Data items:
=== Begin Enclosure ===

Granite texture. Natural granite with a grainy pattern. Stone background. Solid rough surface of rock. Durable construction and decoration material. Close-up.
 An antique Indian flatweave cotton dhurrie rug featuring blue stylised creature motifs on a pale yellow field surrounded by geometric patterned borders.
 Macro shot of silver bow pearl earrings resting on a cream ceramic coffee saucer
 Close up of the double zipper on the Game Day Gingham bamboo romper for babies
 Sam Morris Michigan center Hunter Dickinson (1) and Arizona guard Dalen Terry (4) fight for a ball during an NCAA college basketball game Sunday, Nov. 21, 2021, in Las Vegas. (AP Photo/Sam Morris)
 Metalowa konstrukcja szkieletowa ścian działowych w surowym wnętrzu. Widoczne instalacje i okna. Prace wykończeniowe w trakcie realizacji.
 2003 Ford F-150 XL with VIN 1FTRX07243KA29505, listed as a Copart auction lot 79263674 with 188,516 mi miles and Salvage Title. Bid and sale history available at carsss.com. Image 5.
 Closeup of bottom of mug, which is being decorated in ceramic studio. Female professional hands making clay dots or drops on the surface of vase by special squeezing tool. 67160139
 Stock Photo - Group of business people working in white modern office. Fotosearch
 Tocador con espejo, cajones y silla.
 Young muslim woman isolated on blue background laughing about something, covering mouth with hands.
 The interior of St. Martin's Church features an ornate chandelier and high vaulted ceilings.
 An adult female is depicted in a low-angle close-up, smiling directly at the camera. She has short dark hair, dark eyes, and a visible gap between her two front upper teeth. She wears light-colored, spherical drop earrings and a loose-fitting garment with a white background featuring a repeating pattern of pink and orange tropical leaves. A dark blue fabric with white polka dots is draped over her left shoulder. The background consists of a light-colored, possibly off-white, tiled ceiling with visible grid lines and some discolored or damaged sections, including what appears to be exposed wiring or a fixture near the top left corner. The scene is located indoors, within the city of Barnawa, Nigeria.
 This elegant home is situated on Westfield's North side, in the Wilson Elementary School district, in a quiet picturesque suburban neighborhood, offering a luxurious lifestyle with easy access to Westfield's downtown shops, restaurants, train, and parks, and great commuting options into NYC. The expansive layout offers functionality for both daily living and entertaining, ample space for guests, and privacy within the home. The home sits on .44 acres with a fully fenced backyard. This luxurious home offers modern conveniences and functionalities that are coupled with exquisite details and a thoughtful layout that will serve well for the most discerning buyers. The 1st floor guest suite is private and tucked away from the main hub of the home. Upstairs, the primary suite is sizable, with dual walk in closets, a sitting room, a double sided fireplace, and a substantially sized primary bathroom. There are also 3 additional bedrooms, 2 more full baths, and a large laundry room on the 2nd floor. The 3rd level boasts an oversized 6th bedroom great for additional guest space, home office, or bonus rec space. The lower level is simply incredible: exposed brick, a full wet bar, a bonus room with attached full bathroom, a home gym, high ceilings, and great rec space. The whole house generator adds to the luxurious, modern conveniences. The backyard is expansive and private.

=== End Enclosure ===

TASK PROMPT ▸
A complete and exact reproduction of the data is needed.

RESULT FOR THIS EXERCISE ▸
Granite texture. Natural granite with a grainy pattern. Stone background. Solid rough surface of rock. Durable construction and decoration material. Close-up.
 An antique Indian flatweave cotton dhurrie rug featuring blue stylised creature motifs on a pale yellow field surrounded by geometric patterned borders.
 Macro shot of silver bow pearl earrings resting on a cream ceramic coffee saucer
 Close up of the double zipper on the Game Day Gingham bamboo romper for babies
 Sam Morris Michigan center Hunter Dickinson (1) and Arizona guard Dalen Terry (4) fight for a ball during an NCAA college basketball game Sunday, Nov. 21, 2021, in Las Vegas. (AP Photo/Sam Morris)
 Metalowa konstrukcja szkieletowa ścian działowych w surowym wnętrzu. Widoczne instalacje i okna. Prace wykończeniowe w trakcie realizacji.
 2003 Ford F-150 XL with VIN 1FTRX07243KA29505, listed as a Copart auction lot 79263674 with 188,516 mi miles and Salvage Title. Bid and sale history available at carsss.com. Image 5.
 Closeup of bottom of mug, which is being decorated in ceramic studio. Female professional hands making clay dots or drops on the surface of vase by special squeezing tool. 67160139
 Stock Photo - Group of business people working in white modern office. Fotosearch
 Tocador con espejo, cajones y silla.
 Young muslim woman isolated on blue background laughing about something, covering mouth with hands.
 The interior of St. Martin's Church features an ornate chandelier and high vaulted ceilings.
 An adult female is depicted in a low-angle close-up, smiling directly at the camera. She has short dark hair, dark eyes, and a visible gap between her two front upper teeth. She wears light-colored, spherical drop earrings and a loose-fitting garment with a white background featuring a repeating pattern of pink and orange tropical leaves. A dark blue fabric with white polka dots is draped over her left shoulder. The background consists of a light-colored, possibly off-white, tiled ceiling with visible grid lines and some discolored or damaged sections, including what appears to be exposed wiring or a fixture near the top left corner. The scene is located indoors, within the city of Barnawa, Nigeria.
 This elegant home is situated on Westfield's North side, in the Wilson Elementary School district, in a quiet picturesque suburban neighborhood, offering a luxurious lifestyle with easy access to Westfield's downtown shops, restaurants, train, and parks, and great commuting options into NYC. The expansive layout offers functionality for both daily living and entertaining, ample space for guests, and privacy within the home. The home sits on .44 acres with a fully fenced backyard. This luxurious home offers modern conveniences and functionalities that are coupled with exquisite details and a thoughtful layout that will serve well for the most discerning buyers. The 1st floor guest suite is private and tucked away from the main hub of the home. Upstairs, the primary suite is sizable, with dual walk in closets, a sitting room, a double sided fireplace, and a substantially sized primary bathroom. There are also 3 additional bedrooms, 2 more full baths, and a large laundry room on the 2nd floor. The 3rd level boasts an oversized 6th bedroom great for additional guest space, home office, or bonus rec space. The lower level is simply incredible: exposed brick, a full wet bar, a bonus room with attached full bathroom, a home gym, high ceilings, and great rec space. The whole house generator adds to the luxurious, modern conveniences. The backyard is expansive and private.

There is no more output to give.